Alors que les indicateurs économiques peinent à retrouver des couleurs, les professionnels de l'automobile voient leur environnement se tendre un peu plus. Les dernières données publiées par Altares montrent que le commerce et la réparation de véhicules comptent désormais parmi les activités les plus exposées.
Entre avril et juin 2026, 823 entreprises ont fait l'objet d'une procédure collective, soit une hausse de 14,8 % sur un an.
Si les distributeurs automobiles continuent d'alimenter cette tendance, les réparateurs enregistrent désormais la progression la plus marquée. Les défaillances dans les activités d'entretien et de réparation s'envolent de 28 %, tandis que le commerce de véhicules progresse de 11 %.
Les plus petites entreprises restent les plus vulnérables
Cette dégradation s'inscrit dans un contexte économique plus global. À l'échelle nationale, 17 486 procédures ont été ouvertes au deuxième trimestre 2026, soit une hausse de 5,4 % par rapport à la même période de l'an dernier. Le niveau des défaillances demeure ainsi près de 40 % supérieur à celui observé avant la crise sanitaire.
Comme lors des précédents exercices, ce sont les TPE qui concentrent l'essentiel des difficultés. Les entreprises de moins de trois salariés représentent à elles seules les trois quarts des procédures recensées et voient leur sinistralité progresser de 8,3 %.
Les sociétés récemment créées restent également particulièrement exposées. Les structures âgées de moins de trois ans enregistrent une hausse de 12,7 % des défaillances, Altares précisant que la vente et la réparation automobile figurent parmi les activités les plus concernées par cette fragilité.

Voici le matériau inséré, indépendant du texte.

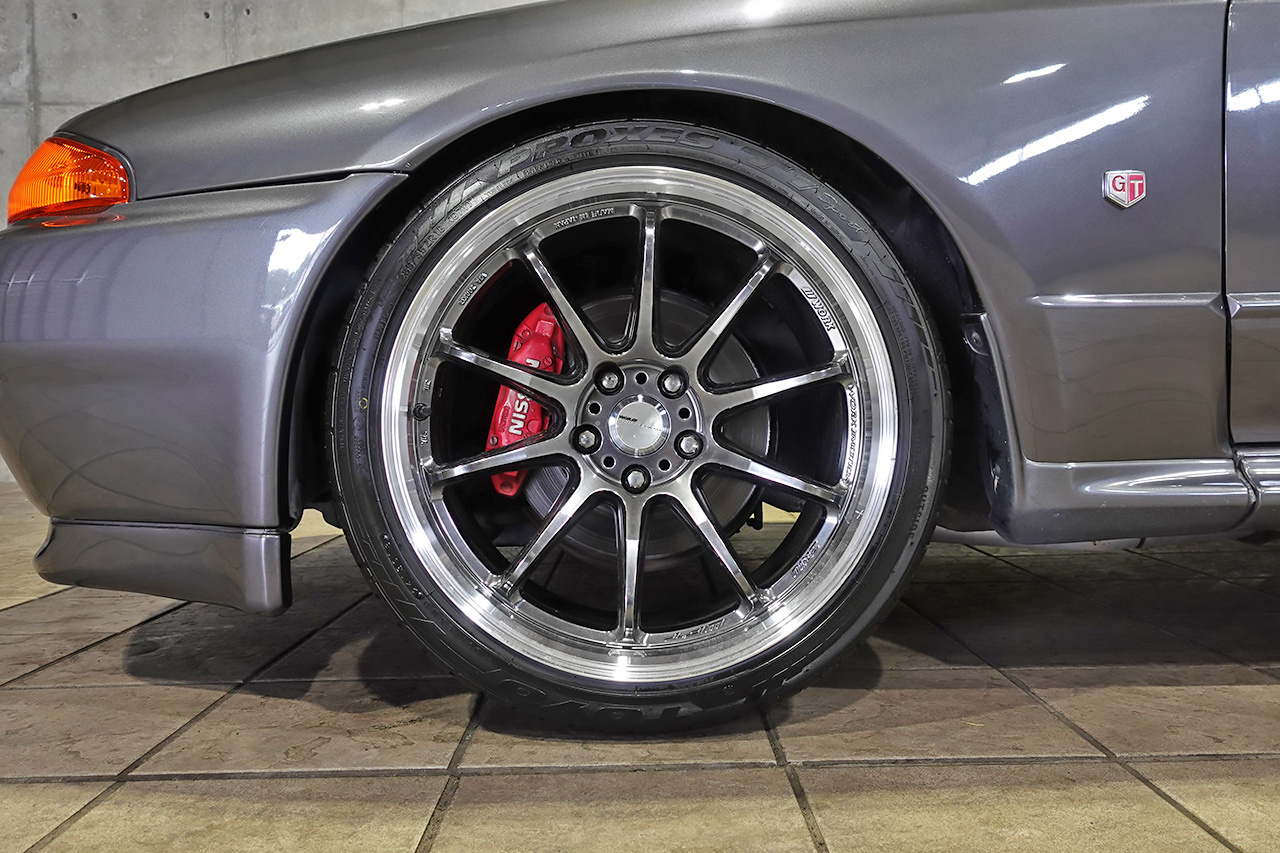 日産 スカイラインGT-R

Une embellie qui tarde à se dessiner
Pour Altares, rien n'indique, à ce stade, un retournement rapide de tendance. Malgré une progression moins rapide qu'en 2025, le niveau des procédures collectives reste historiquement élevé. Thierry Millon, directeur des études du groupe, estime que les difficultés actuelles trouvent désormais leur origine moins dans les conséquences de la crise sanitaire que dans un environnement économique durablement dégradé.
"Face à une demande atone et à des coûts d’exploitation toujours élevés, les entreprises mobilisent davantage leurs ressources de trésorerie. [...] La fragilité des entreprises n’est plus à chercher dans les dispositifs hérités de la gestion de la crise sanitaire mais dans une conjoncture qui affaiblit brutalement l’équilibre financier des entreprises."
Cette fragilité financière se retrouve d'ailleurs dans un autre indicateur. Selon une enquête Ifop publiée fin juin, réalisée pour le cabinet Arc, les retards de paiement des entreprises françaises ont atteint leur plus haut niveau depuis douze ans. En moyenne, les factures sont désormais réglées avec 18,9 jours de retard, contre 17,3 jours un an plus tôt.
Dans ce contexte, Altares table sur 34 000 à 35 000 nouvelles défaillances au second semestre.